Articolo da Bollettino telematico di filosofia politica
I sistemi di intelligenza artificiale basati sull’apprendimento automatico (machine learning) sono utilizzati per ottenere classificazioni o produrre decisioni che hanno effetti rilevanti sulle vite delle persone, a una velocità e su una scala che non consentono un controllo umano significativo. Nei sistemi utilizzati per il riconoscimento facciale, ad esempio, o lo screening medico di immagini di tessuti umani o le decisioni di concedere o rifiutare un prestito, la quantità dei dati di partenza e la potenza di calcolo richiesta per la loro elaborazione fanno sì che la presenza di un essere umano nel processo (human in the loop) non sia in grado di fornire alcun controllo rilevante. Qualora un’attività sia automatizzata e si deleghi tuttavia a una persona il compito di intervenire, con prontezza fulminea, nei casi di emergenza, il ruolo dell’essere umano non può essere che quello di capro espiatorio, come pare sia stato previsto nei sistemi Tesla.

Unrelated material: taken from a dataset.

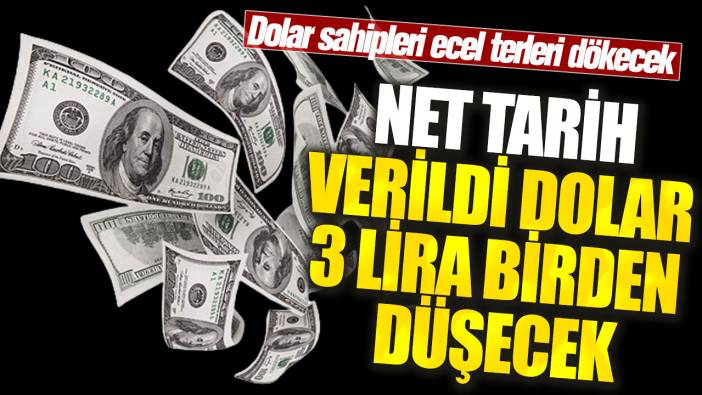 Net tarih verildi: Dolar 3 lira birden düşecek! Dolar sahipleri ecel terleri dökecek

Data l’impossibilità di un controllo umano in itinere, garanzie alternative potrebbero essere fornite dalla trasparenza o dall’assoluta affidabilità. Intrinseche ai sistemi di apprendimento automatico sono tuttavia le caratteristiche contrarie: questi sistemi sono infatti sono costitutivamente opachi (black box), soggetti a errori madornali – in quanto fondati su correlazioni statistiche di ogni genere, senza accesso al significato o al contesto – e ad attacchi avversari non rilevabili.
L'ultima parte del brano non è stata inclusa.